Chronic Vertigo

[Mariah]

Hi!
I`m a little bit curious to see if anyone else with M.E. struggles with vertigo. This has been maybe my main debilitating symptom from the very beginning seven years ago. It just started with me feeling weird, like I was sitting in a fish bowl, some weird neurological sensation. Then both vertigo and visual disturbances (visual snow mainly) set in, and that was the major beginning of my M.E. Basically, it feels like I am sitting on a boat, the ground under me bobs up and down, but my surroundings which I am looking at moves in a different way, like they are always moving to the right. It has been like this since I got sick 7 years ago, and not for one seconf have I had a break. I have gotten used to it now and it doesn`t scare, or bother, me as much as it did before, but I would be much less sicker if I didn`t have this symptom. It definitly contributes to the fatigue and the non restoritative sleep and has gotten worse over the years every time I get worse in general. Does anybody else have this? I must say I have heard little about it in relation to M.E. The only thing the doctors can say about it is that they think this comes from the sentral nervous system.

 

[AnnaDove]

@Mariah, I have had vertigo off and on throughout my illness of many years. It became much worse last year accompanied by nausea and shaking. I finally realized ( to make a long story short) I was B12 deficient. In sept. I started back on Freddd's B12 Treatment Plan under Freddd's Hidden Story and as of this month am free of those symptoms.

 

[alex3619]

I used to have a lot of vertigo, decades ago. Sometimes it comes back, particularly when tired. However I do know of patients who get it a lot or all the time. Its not uncommon.

 

[Forbin]

Yes, what you describe is very much what I experienced. The feeling of "being in a fishbowl" is very apt, as not only is one's vision distorted, but one also feels "one step removed" from the world one is seeing. I also regarded "vertigo" as my most debilitating symptom. I thought (perhaps foolishly) that I could "tough out" the other symptoms were it not for the balance impairment (which was incapacitating).
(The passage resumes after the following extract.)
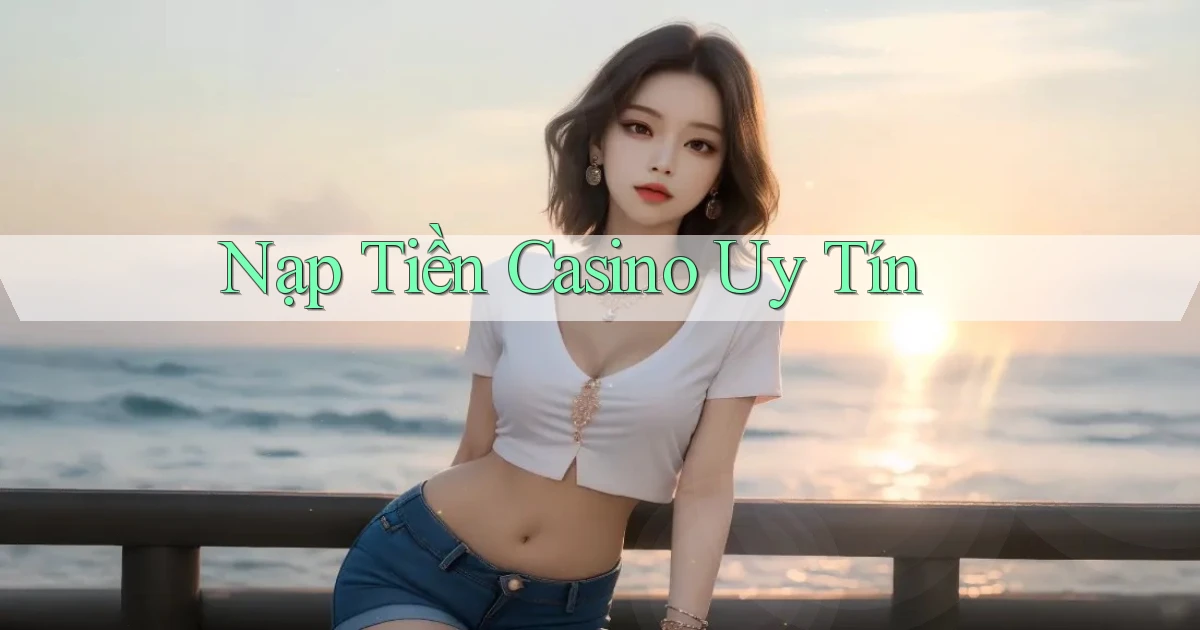 Nạp tiền Casino uy tín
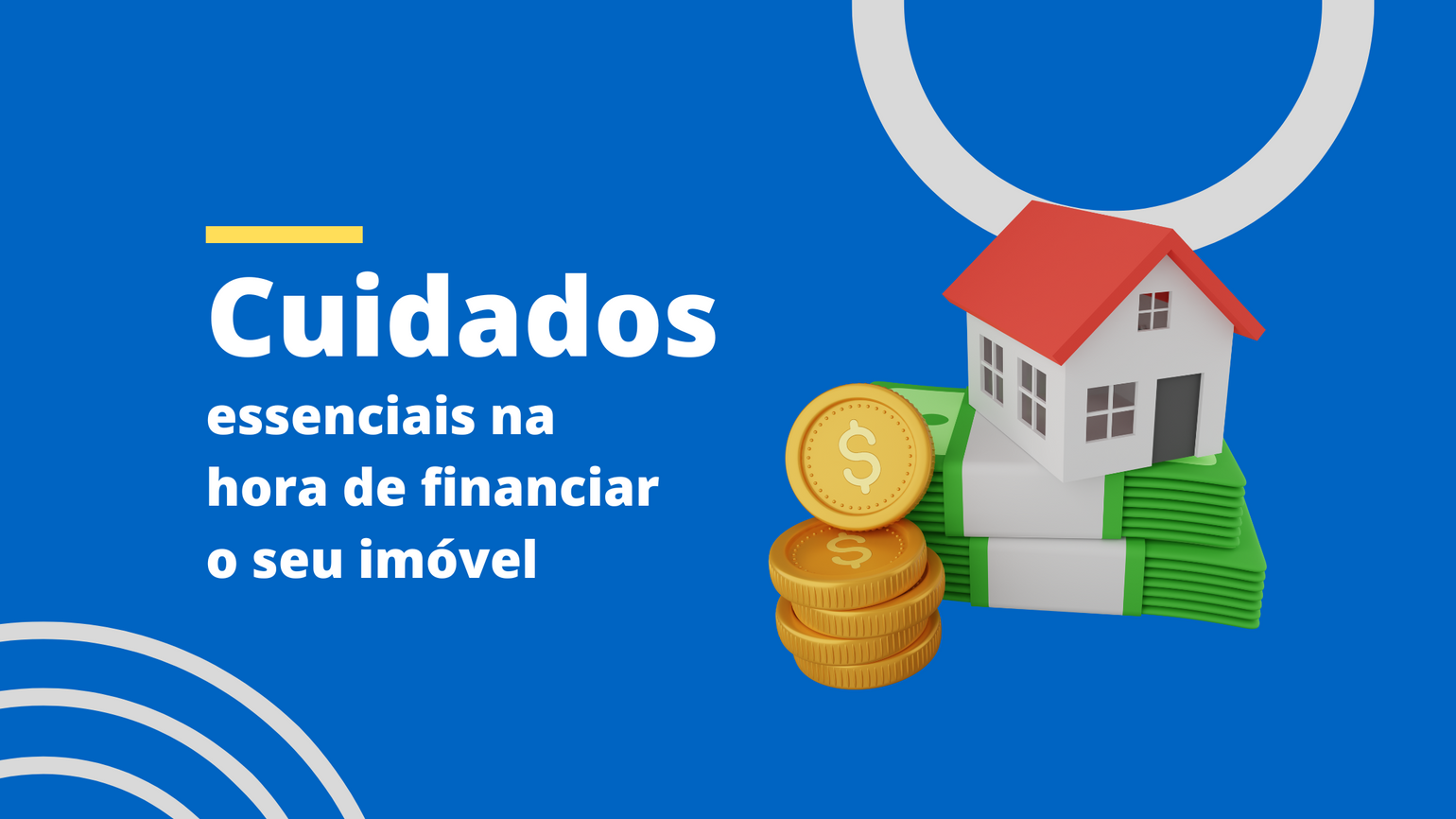 Cuidados essenciais na hora de financiar o seu imóvel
Technically, "vertigo" is a spinning sensation, but it is often used interchangeably with "dizziness," which is more akin to the "bobbing" sensation that you describe (which is also what I had).

"Vertigo" is a well recognized symptom of ME. Dr. Melvin Ramsay, who coined the term "Myalgic Encephalitis," mentions it in his description of the onset of the disease.

Although the onset of the disease may be sudden and without apparent cause, as in those whose first intimation of illness is an alarming attack of acute vertigo, there is practically always a history of recent virus infection associated with upper respiratory tract symptoms though occasionally there is gastro-intestinal upset with nausea and vomiting. Instead of making a normal recovery, the patient is dogged by persistent profound fatigue accompanied by a medley of symptoms such as headache, attacks of giddiness, neck pain, muscle weakness, parasthesiae, frequency of micturition or retention, blurred vision and/or diplopia and a general sense of 'feeling awful'.
http://www.name-us.org/DefintionsPages/DefRamsay.htm

I underwent a battery of tests at a highly regarded otological institute and their opinion was that my balance problem was due to "impaired circulation in the balance center." I wonder if this could be related to the blood vessel inflammation suspected by some in ME.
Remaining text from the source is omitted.